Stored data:
::::::::::

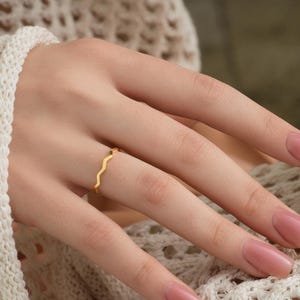 May include: A gold-colored ring with a wavy design is worn on a finger. The ring is thin and delicate. The hand is resting on a cream-colored knitted sweater. The nails are painted with a light pink nail polish.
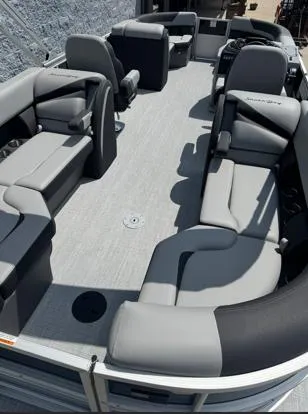 Slide: The Image of 2025 South Bay S224RS pontoon boat interior with gray seating and spacious layout. - 3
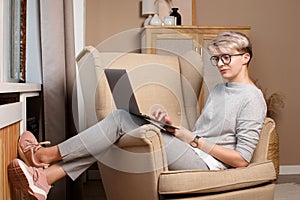 Full body portrait of pretty smart woman about 30s in casual clothes sitting in a chair writing in laptop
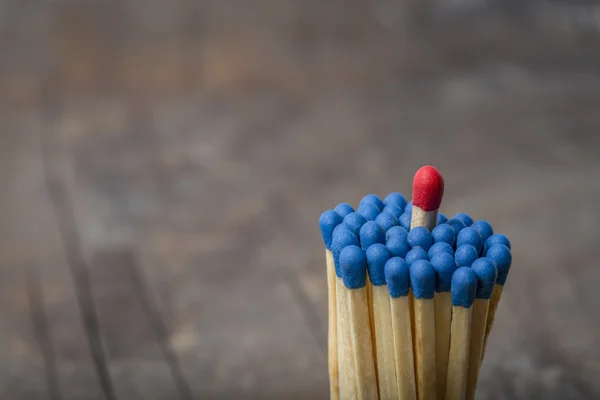 Röd Match i grupp av blå matcher — Stockfoto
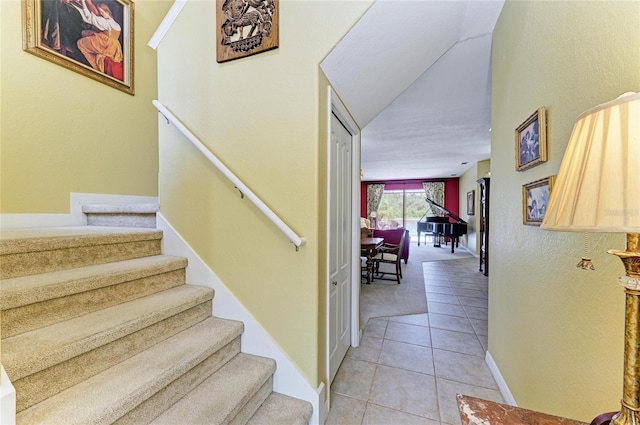 stairs with tile patterned floors, carpet flooring, and baseboards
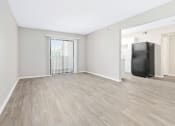 Thumbnail 2 of 16 - a bedroom with a large window and hardwood flooring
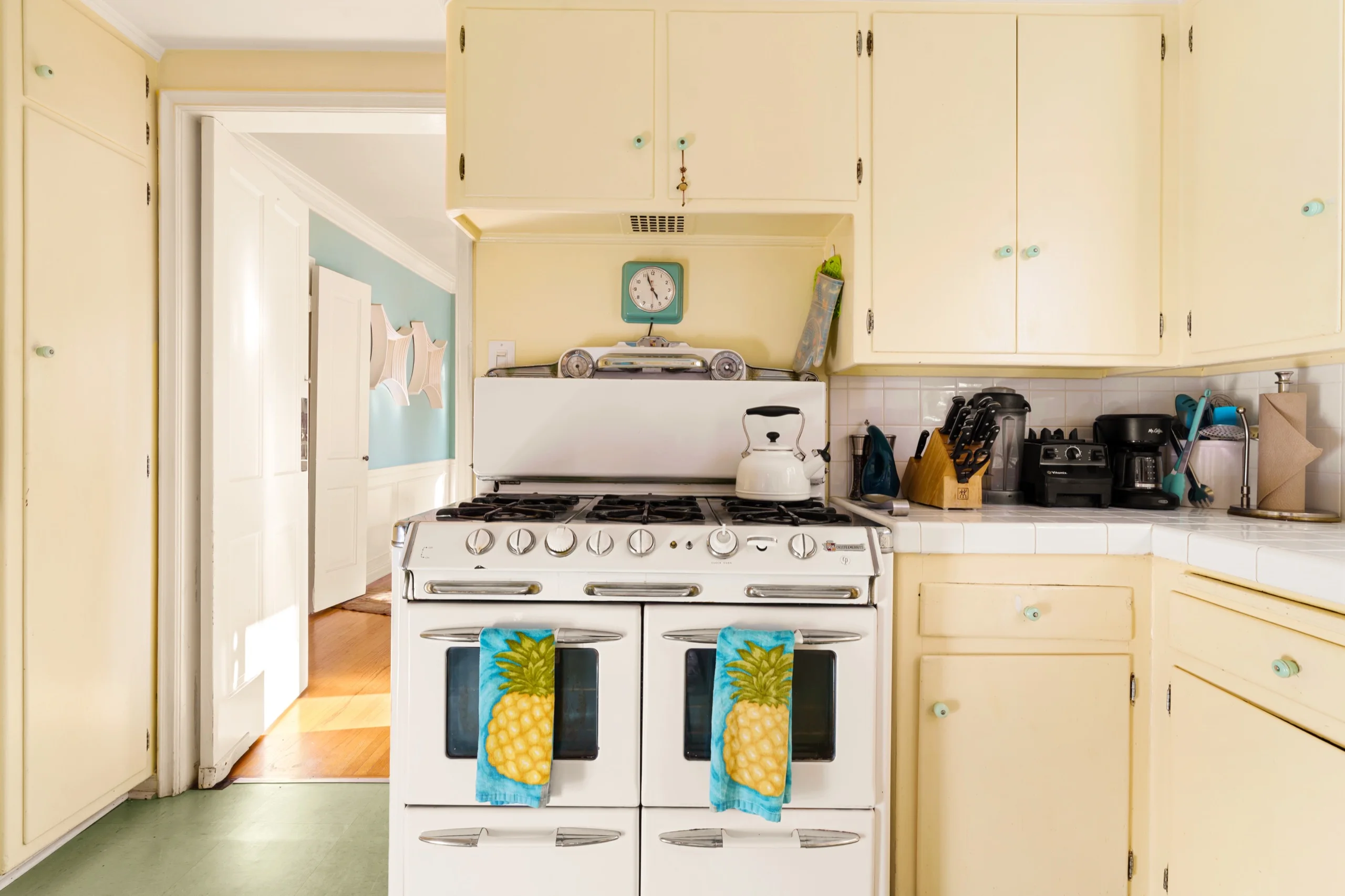 Original cream kitchen with a vintage gas range, tiled counters and a doorway through to the hall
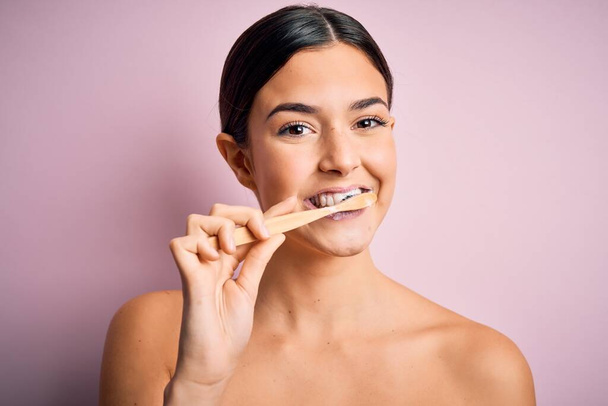 若い美しいブルネット女性ブラッシング彼女の歯ブラシと口腔ペーストを使用して、歯と舌をきれいに健康的な医療として朝のルーチン - 写真・画像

::::::::::

• TASK DESCRIPTION: Pictures must be left out. Repeat exactly the lines from the one containing "Original cream kitchen" through the final line of the data.

• ANSWER TO THIS TASK:
 Original cream kitchen with a vintage gas range, tiled counters and a doorway through to the hall
 若い美しいブルネット女性ブラッシング彼女の歯ブラシと口腔ペーストを使用して、歯と舌をきれいに健康的な医療として朝のルーチン - 写真・画像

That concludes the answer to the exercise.